Coronaviruses comprise of a large group of viruses that can cause a variety of ailments, from common cold to Severe Acute Respiratory Syndrome (SARS). SARS-Cov-2 is the official name of the coronavirus strain behind the current global pandemic and Covid-19 is the official name of the disease it causes.
Health workers and medical experts are working tirelessly on the front lines to diagnose, treat and provide care to Covid-19 patients. Governments across the globe are devising directives and coming up with interventions to beat back the coronavirus outbreak. We are at a crucial juncture now but there are a lot of known unknowns about the coronavirus and Covid-19. It is critical that healthcare experts and policy makers quickly gain a better understanding of the coronavirus.
There is a large body of published about the coronavirus family going back to several decades. A body of literature about SARS-Cov-2 and Covid-19 has also emerged as frontline medical researchers rapidly document their observations and experiences in the current outbreak. Medical and policy researchers should be able to query this body of knowledge and get answers to many pressing questions.

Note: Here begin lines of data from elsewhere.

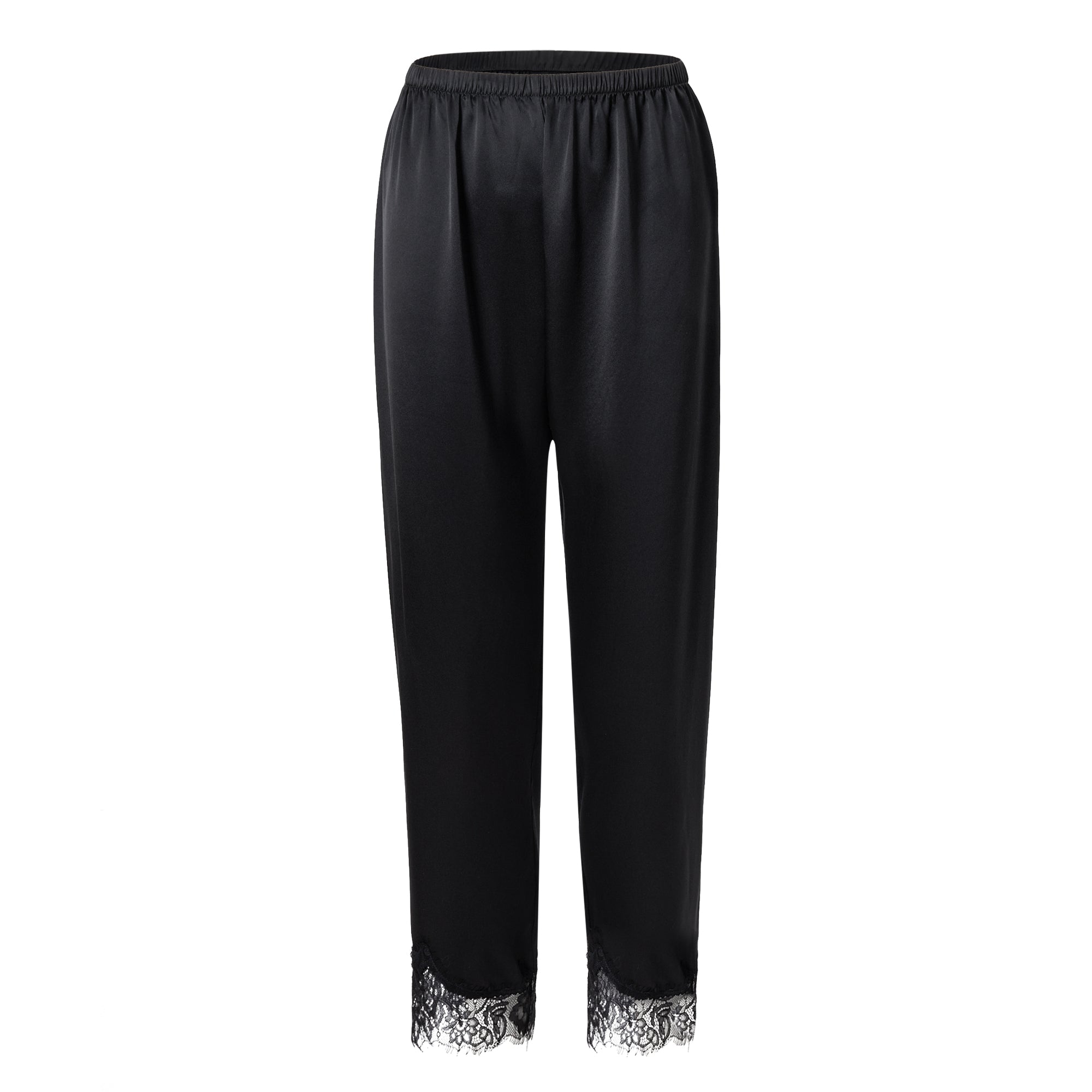 夜影蕾絲長褲套裝｜真絲睡衣套裝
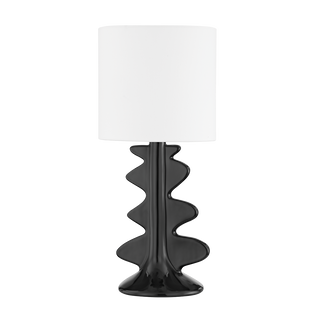Liwa Table Lamp in AGED BRASS/CERAMIC GLOSS BLACK Finish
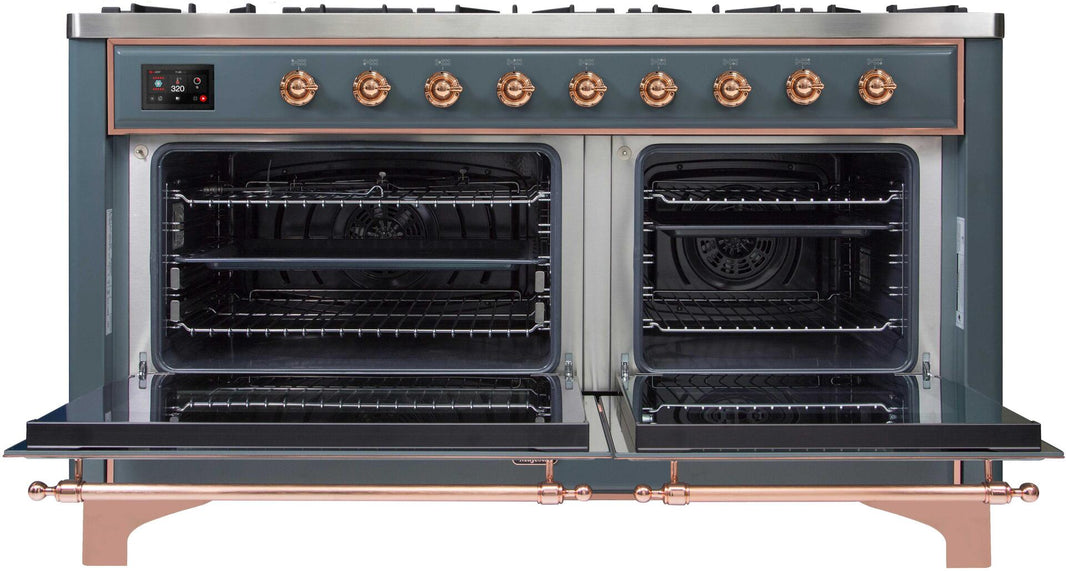 ILVE 60-Inch Majestic II Dual Fuel Range with 9 Sealed Burners - Griddle - Dual Oven - Blue Grey with Copper Trim (UM15FDNS3BGP)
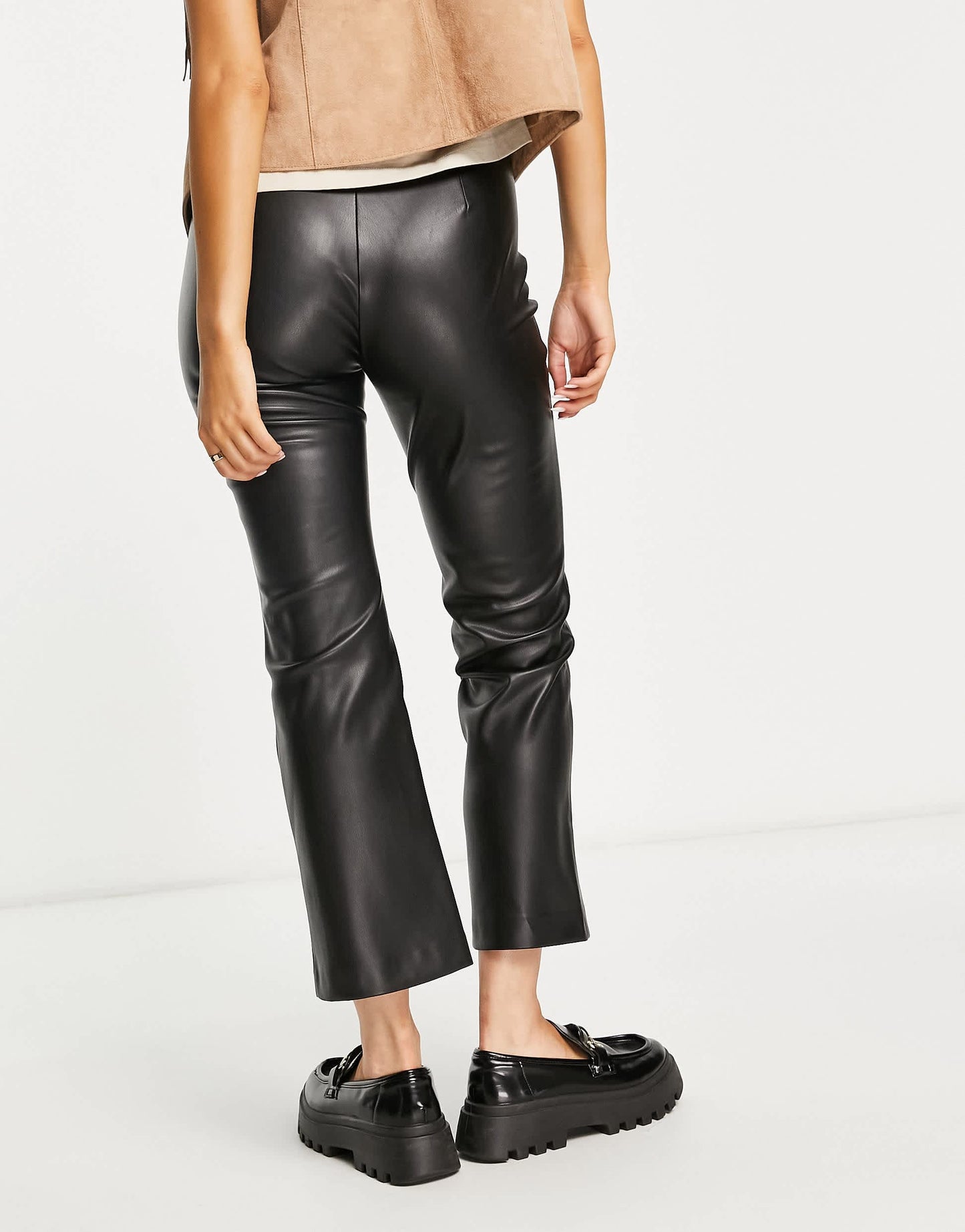 Stradivarius straight leg faux leather trouser in black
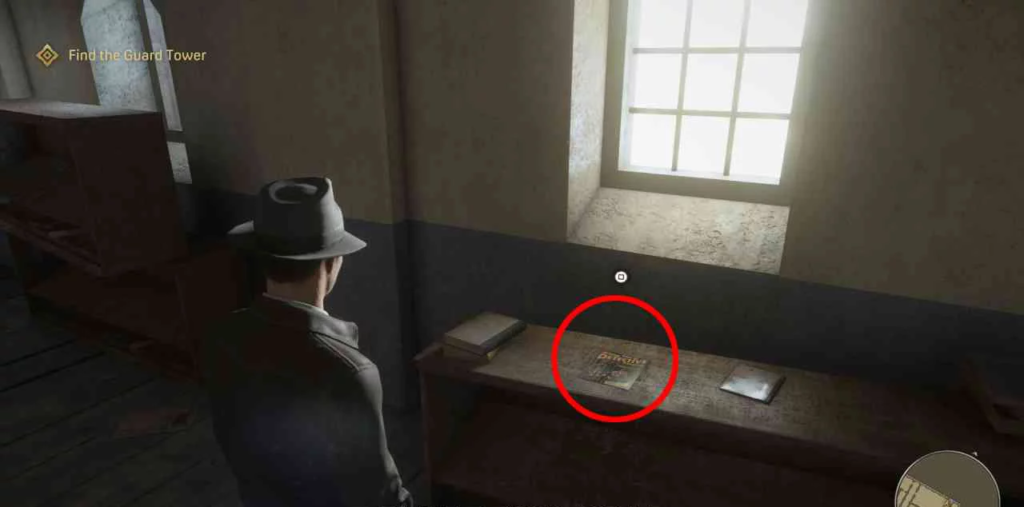 Mafia: Definitive Edition character looks at desk under window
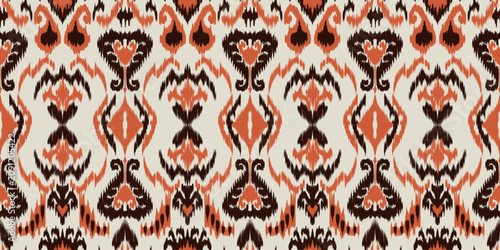 Seamless Ikat Pattern Vector, Traditional Ethnic Geometric Ornament for Textile, Apparel and Fashion Fabric Print, Abstract Bohemian Wallpaper Background Texture in Terracotta Orange, Dark Brown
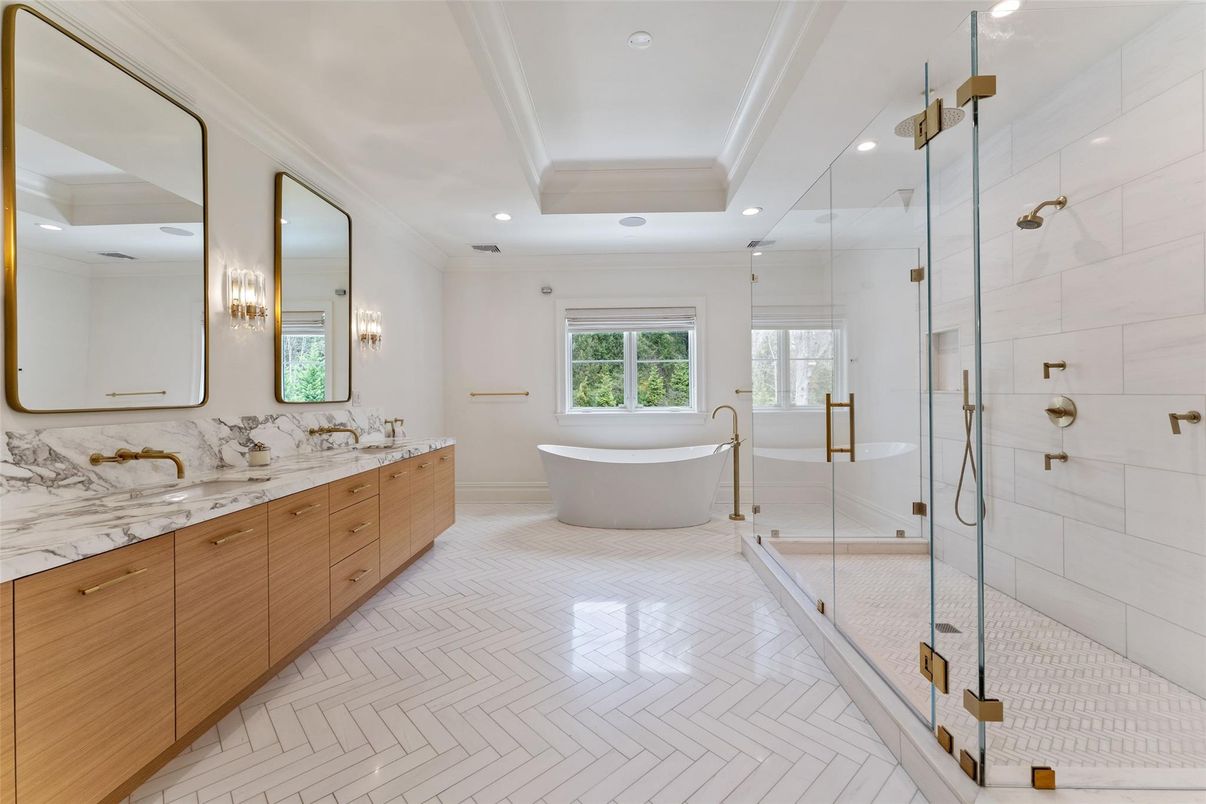 Bathroom, Dual Sink Vanities, Free Standing Baths, Glass Shower, Interior, Marble Walls, Recessed Lighting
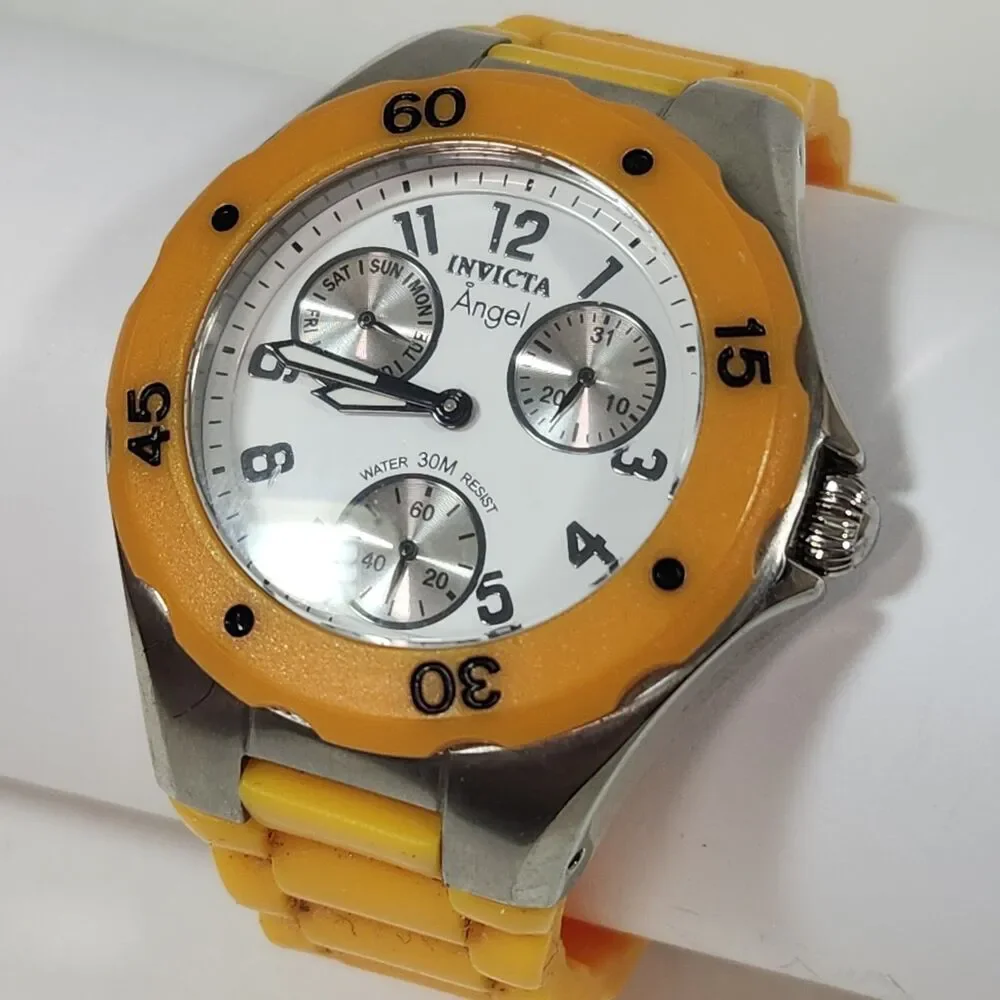 Invicta Angel Ladies Watch Yellow Multi-Function 38mm White Dial Silicone Band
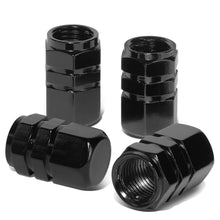 Load image into Gallery viewer, Hex Style Valve Caps with Mid Cut Outs - Black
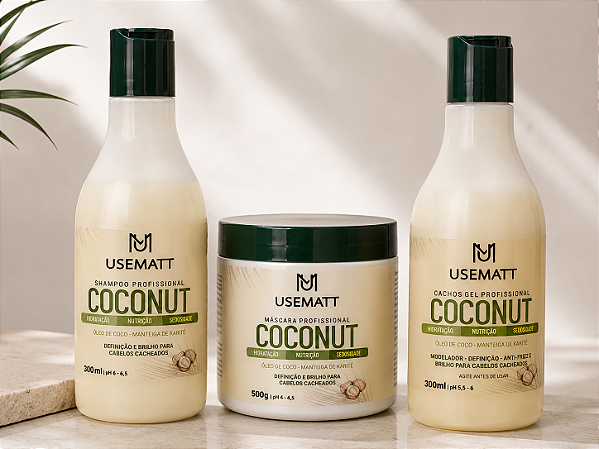 Kit Coconut para cabelos cacheados, Shampoo, máscara e gel definidor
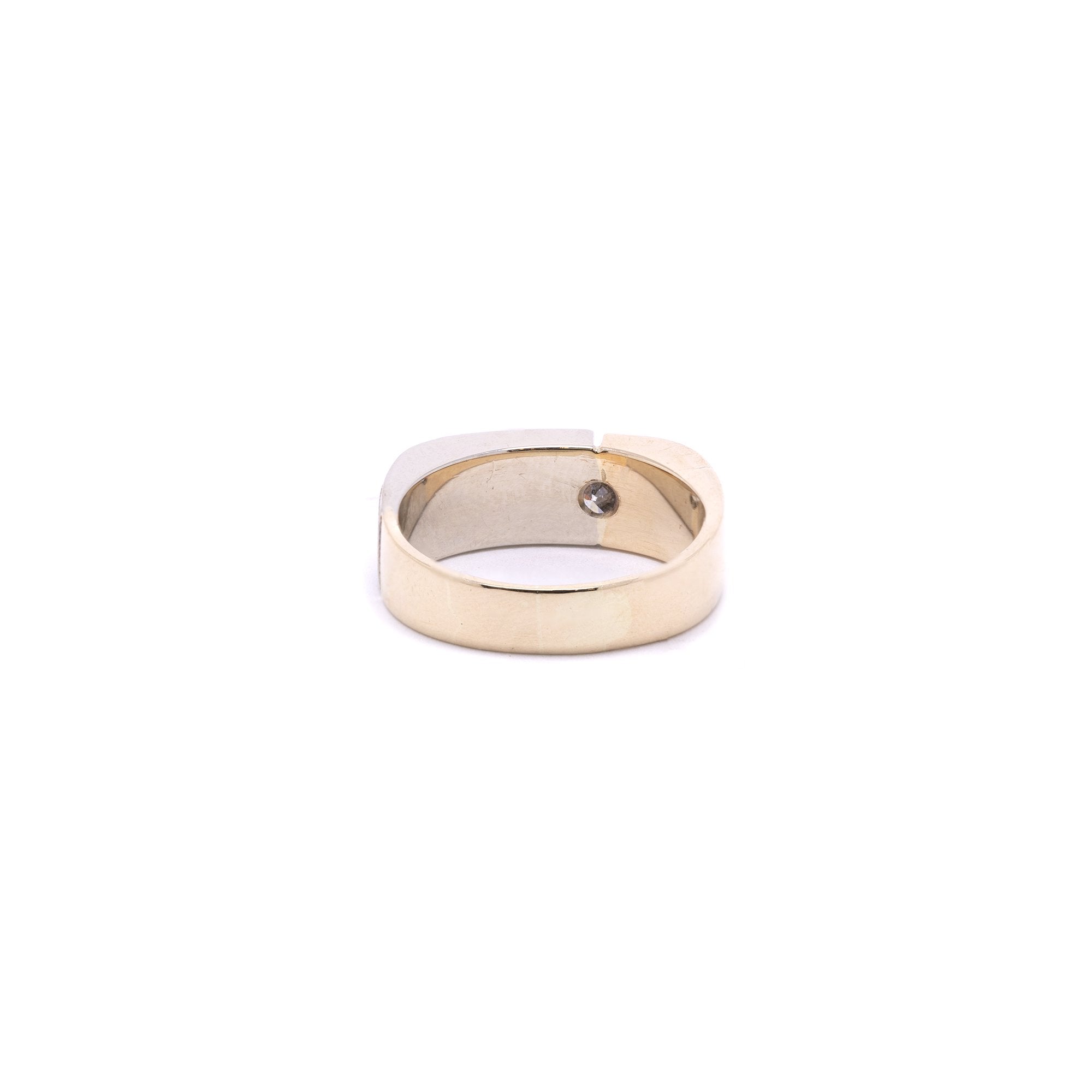 14k Yellow & White Gold Solitaire Diamond Ring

Synthesizing such vast amounts of data to generate useful insights is a good candidate to apply machine learning techniques. For example, there are more than 2000 papers published in 2020 itself and without the help of AI tools, it is practically impossible to keep track of all the research. But before we can apply AI, the data needs to be accessible and in a format that machines can read.
Towards this end, based on a request from the White House Office of Science and Technology Policy, prominent industry and academic research groups have compiled a dataset of scholarly literature about Covid-19, SARS-Cov-2 and coronaviruses and making it available freely to the public.
The organizations involved in this initiative are:
- Allen Institute for AI (AI2)
- Chang Zuckerberg Institute
- Georgetown University’s Center for Security and Emerging Technology
- Microsoft
- National Library of Medicine at the National Institutes of Health
COVID-19 Open Research Dataset (CORD-19) is a collection of research studies published in both peer-reviewed journals and non-peer-reviewed pre-print websites such as bioRxiv and medRxiv. Currently, it consists of over 13,000 full-text papers and abstracts for another 16,000 papers and is expected to be updated with new research as it becomes available.
Here is the call to action to AI experts, data scientists and technology professionals.
World Health Organization (WHO) and the National Academies of Sciences, Engineering and Medicine have identified the key scientific questions about Covid-19. Here is a high-level summary of these key questions.
Based on available literature, what do we know about:
- Virus Transmission, Incubation And Stability, including seasonality, incubation period, asymptomatic transmission, persistence of virus on different surfaces and effectiveness of protective gear.
- Medical Care, including challenges, solutions and best practices related to management of surge capacity, addressing shortages, Telemedicine and home care
- Risk Factors And Effective Mitigation Measures such as impact of pre-existing diseases, impact of behavioral factors such as smoking and susceptibility of groups such as pregnant women and …
- Virus Origins, Genetics and Evolution, including variations of the virus over time and geography, the different strains that may be in circulation, animal hosts and livestock infections.
- Non-pharmaceutical Interventions, including methods and barriers to prevent community spread, impact assessment of measures such as school closures, travel bans, physical distancing and prohibition of large gatherings.
- Vaccines And Therapeutics, including effectiveness of drugs in development, clinical effectiveness studies, approaches to distribute new therapeutics.
- Diagnostics And Surveillance, including screening policies and protocols, early detection, sampling methods, guidance at national, state and local levels and the trade-offs involved in rapid testing between speed, accuracy and accessibility.
- Ethical Considerations, including norms of social science research, impact and needs of caregivers and identifying drivers of fear, stigma and misinformation during outbreaks.
- Information Sharing and Collaboration, including data-collection standards, communication methods, coordination of local and Federal, private, public, non-commercial and academic communities.
The dataset is available for download on AI2’s Semantic Scholar website. The machine learning and data science website Kaggle, a subsidiary of Google, has all the details about the specific pieces of the puzzle that AI experts can help put together.
The stakes have never been higher. Carpe Diem!